FL Court Rules Against Spouse-Installed Spyware
idobi writes "A Florida court ruled that it was illegal for a wife to install spyware on her husband's computer, in order to catch him in an extramarital affair. The three judge panel barred the woman from using the chat records from being introduced as evidence in the divorce proceedings. The court ruled that the software, Spector, violated Florida's wiretapping law - which states that it is criminal to 'intentionally intercept' any 'electronic communication.'"

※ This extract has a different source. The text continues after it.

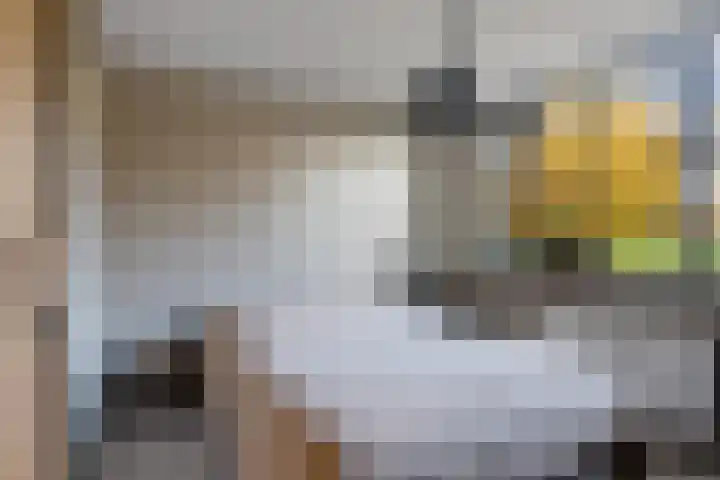Te Nijenhuiswei 35 Wijnjewoude thumbnail 31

Unless the PC was his before the marraige, the whole PC is 'theirs' and she can install whatever she wants on it.
- no sig here
This is what I find amusing about states and their differences in laws. LA recently had a similar case where a man used a keylogger to keep tabs on his employer. This was ruled as not breaking wiretap laws. http://www.securityfocus.com/news/9978
News Reporters Make Tasty Polar Bear Treats!

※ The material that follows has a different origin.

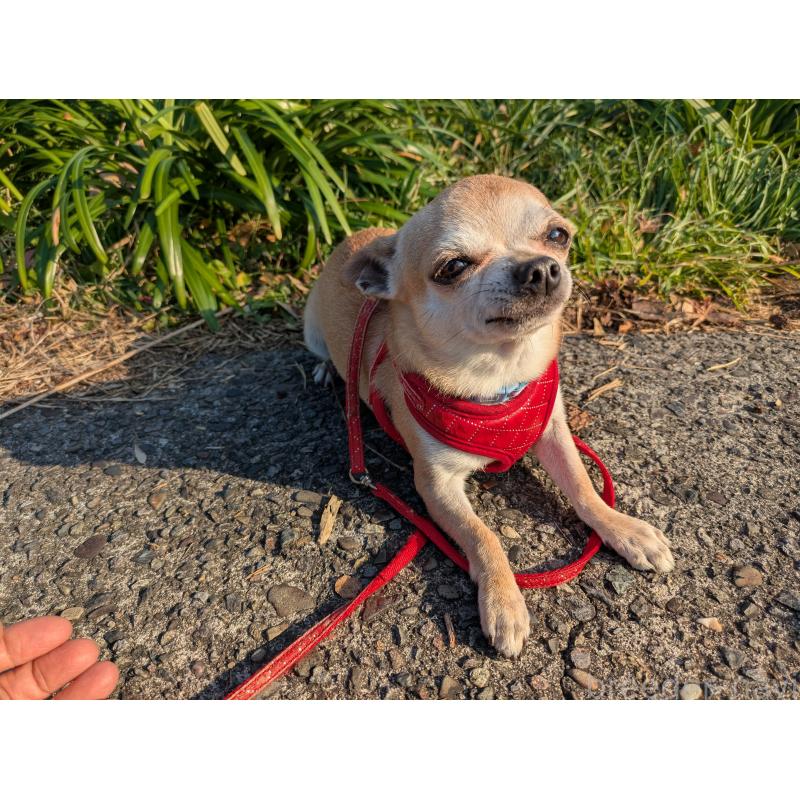 販売中の大分県のチワワ(スムースコート)-433557の6枚目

There was recently a case in Washington State where a suspicious mother had picked up the phone to listen to her daughter's conversation with one of her friends. Well it turns out the friend was a suspect in a robbery and the mother was called to testify. Now the testemony has been ruled inadmissible for similar reasons.
Over here, I think it goes something like 'you keep any property you can conclusivly prove you took into the marriage, everything else is split 50/50'. No judge would give a rats ass for the reasons you want a divorce.. you agreed the share everything, and if you now want to stop sharing everything that's your deal.

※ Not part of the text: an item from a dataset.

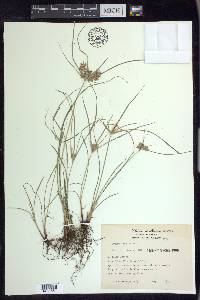 Cyperus tenuis image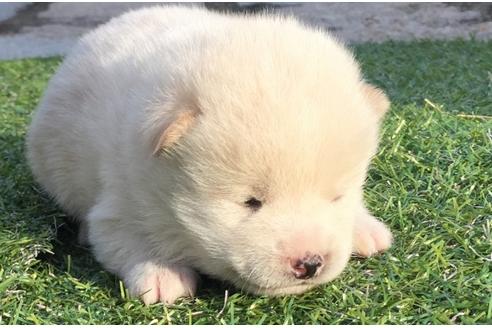 成約済の長崎県の柴犬-23606の1枚目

"" How about taking the safety labels off everything, and let the stupidity-problem solve itself? """
my divorce in 1996 I owned an ISP. my Ex was having an online affair and the court was happy to look at all her email logs, captured chat sessions and detailed logs of websites and captures of the images and the like.
her lawyer tried the same tricks, the judge threw out the request stating "privately owned computer equipment is not under the jurisdiction of the wiretapping laws."
Sorry, that's no longer true.
If you read the decision, you'll see that the Security of Communications Act was passed in 2003, well after your court case.
The act was "a policy decision by the Florida legislature to allow each party to a conversation to have an expectation of privacy from interception by another party to the conversation."